I’d say that I enjoyed Belfast and I feel like we only scratched the surface of what’s there, but you don’t “need” to go to Belfast. Well, unless you’re a huge Titanic buff, in which case you absolutely must go to Belfast. Beyond that, it’s a very convenient place to base for an excursion to Giant’s Causeway (which as you know from our recent article is an absolute must-visit place), so it would be easy to spend a night or two there.
Key Sights and Things to Do in Belfast
Let’s take a look at some of the key sights and things to do in Belfast, starting with the Titanic exhibit. First things first, here’s a map to orient you to the sights we’ll cover here:
(1) Titanic Belfast
I think for all of us, the story of the R.M.S. Titanic is a captivating one – the largest and most luxurious ship ever built, the unsinkable boat rendered helpless by an iceberg in the North Atlantic on her maiden voyage, the human tragedy from her demise. The story became even more compelling when it was dramatically brought to life in James Cameron’s epic Oscar-winning movie.

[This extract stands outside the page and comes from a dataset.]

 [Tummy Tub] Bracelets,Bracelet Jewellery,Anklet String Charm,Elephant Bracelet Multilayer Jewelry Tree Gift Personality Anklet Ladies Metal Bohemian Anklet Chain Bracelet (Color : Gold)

It’s hard to imagine that it’s been 21 years since Titanic was released.
If you’re a Titanic buff, then Titanic Belfast is probably on your bucket list. If that’s you, start planning your trip to Belfast now and get ready for a day you’ll always remember. For most of the rest of us, for whom the story of the Titanic is interesting, or who just liked the movie, Titanic Belfast makes for a very good and entertaining half-day.
Titanic Belfast is relatively new, having just opened in 2012. The building itself is impressive in both design and size. It’s located in the old Belfast shipyard where the Titanic and its sister vessels were built, now an urban renewal area known as the Titanic Quarter.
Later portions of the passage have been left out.